* Input records:
================

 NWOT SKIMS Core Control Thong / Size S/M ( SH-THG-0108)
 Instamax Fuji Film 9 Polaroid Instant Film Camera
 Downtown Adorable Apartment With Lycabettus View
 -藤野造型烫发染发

================

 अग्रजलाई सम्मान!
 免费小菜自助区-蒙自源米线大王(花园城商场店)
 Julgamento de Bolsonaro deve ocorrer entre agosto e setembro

================

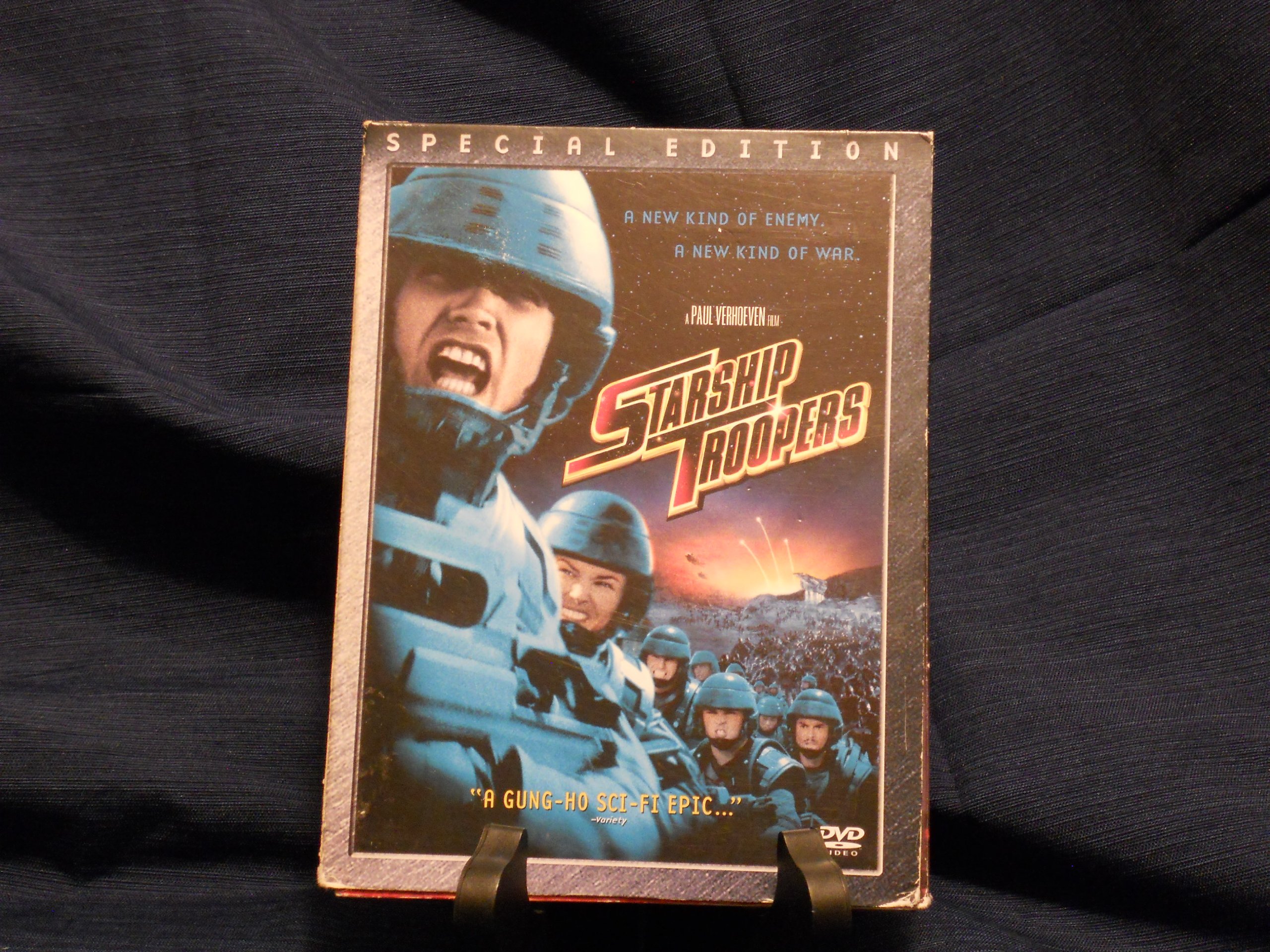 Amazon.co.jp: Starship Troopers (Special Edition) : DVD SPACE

================

In the listing above, locate the line with "免费小菜自助区-蒙自源米线大王(花园城商场店)" and the line with "Julgamento de Bolsonaro", then extract exactly those lines and every line between them, and nothing more.

 免费小菜自助区-蒙自源米线大王(花园城商场店)
 Julgamento de Bolsonaro deve ocorrer entre agosto e setembro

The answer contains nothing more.